Saturday 7 November 2015

The uncomplaining faces of the First World War

In the run-up to Remembrance Sunday and Armistice Day this year I've been busy on Twitter posting pictures of some of the ordinary people who lived through the First World War and who worked stoically and without complaint to do their bit for their country.

Their faces are close-ups from larger photographs which appear in my book Bristol in the Great War ... and here they all are below, with an explanation as to who they were in the captions at the bottom. I'm afraid I can't put names to any of them, but should any look familiar, do get in touch with me via @soldiersletters or by email jacwadsworth@hotmail.com. Had we lived 100 years ago, these people could have been you or me.
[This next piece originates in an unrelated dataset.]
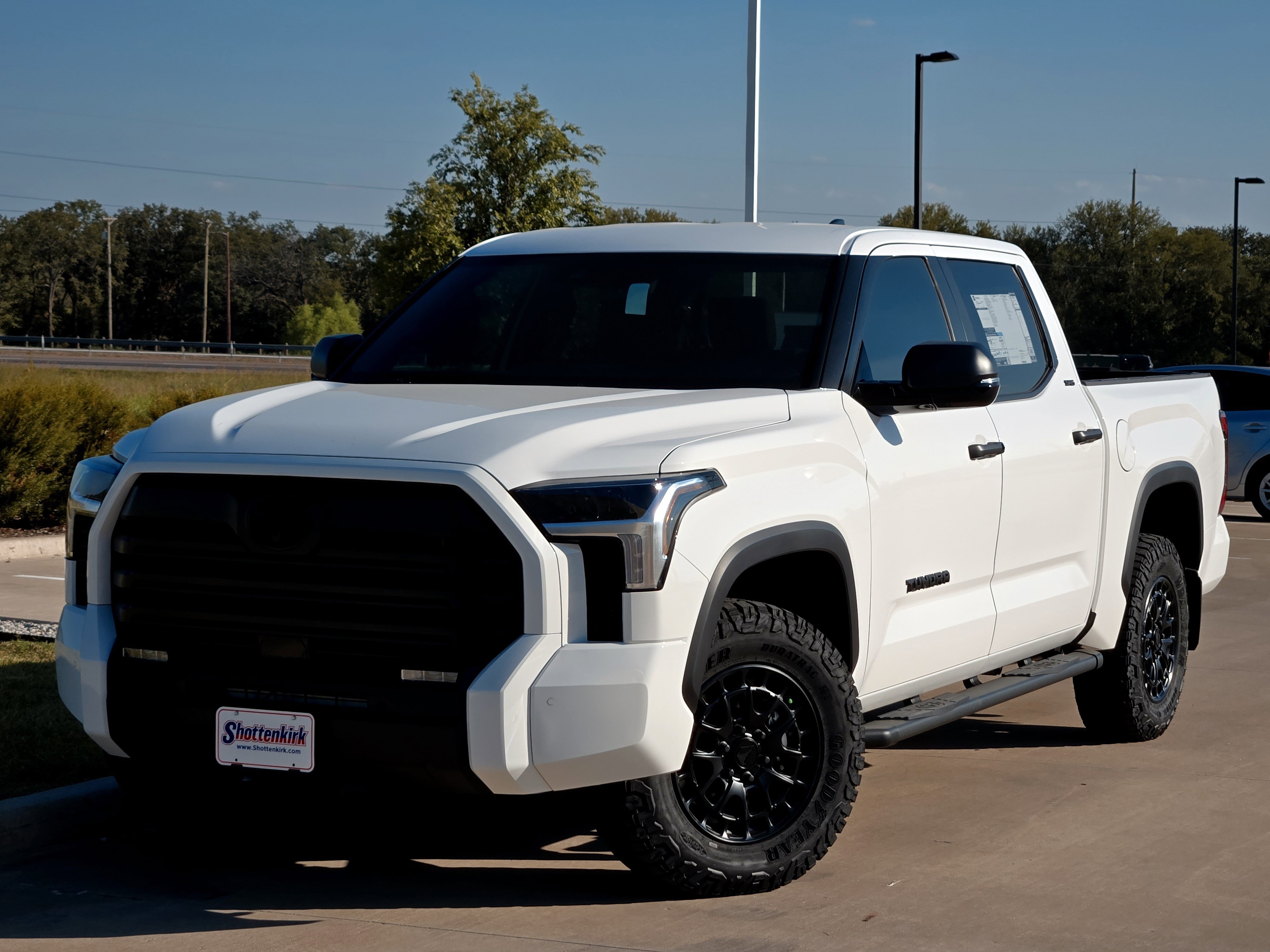 New 2026 Toyota Tundra SR5 image 2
Let's not forget them.

Photo 1
Photo 2
Photo 3
Photo 4
Photo 5
Photo 6
Photo 7
Photo 1: A young 'munitionette' who worked for the Easton engineering firm Brecknell Munro & Rogers manufacturing shell cases, taken from a group shot of the wartime workforce. Photo 2: Wounded soldiers enjoying themsleves in the grounds of Cleve House Hospital, Downend. Photo 3: Ladies from the Women's Royal Air Force at Yate in 1918, taken from a formal line-up. Photo 4: A 'munitionette' producing shell cases for Brecknell, Munro and Rogers in their disused Baptist chapel in Thrissell Street, Easton, which was converted for the purpose. Photo 5: Men at work in the propeller shop at the British and Colonial Aeroplane Company, Filton, in 1918. Photo 6: A wounded soldier enjoying a day out at Clifton Zoological Gardens - a favourite venue for the entertainment of Bristol's wounded. Photo 7: When will it ever end? A young girl lost in thought as she watches the swans in Eastville Park. 
LEST WE FORGET


Sunday 1 November 2015

SSSShhhhhhhh ... for the very first two minutes' silence


November 1919: It was the King’s wish that on the anniversary of the Armistice, at the exact time that it came into force on 11 November, 1918, at 11 o’clock, a complete silence for two minutes should be observed by everybody in order that the thoughts of everyone might be concentrated on reverent remembrance of “The Glorious Dead”.


Respectful crowds gather in London, 1919,
for the first Armistice Day
These words were written by Maude Boucher in 1919, a mother of four from Bristol, who drew to a close the journal she had kept throughout the Great War by reporting on plans for the very first Armistice Day.

Her journal took the form of scrapbooks (a total of 21 volumes) in which she stuck newspapers cuttings alongside notes of her own. King George V’s idea for an Armistice anniversary caused a great excitement, as this cutting made clear: ‘It will be a wonderful two minutes, in some ways the most remarkable two minutes since Creation.’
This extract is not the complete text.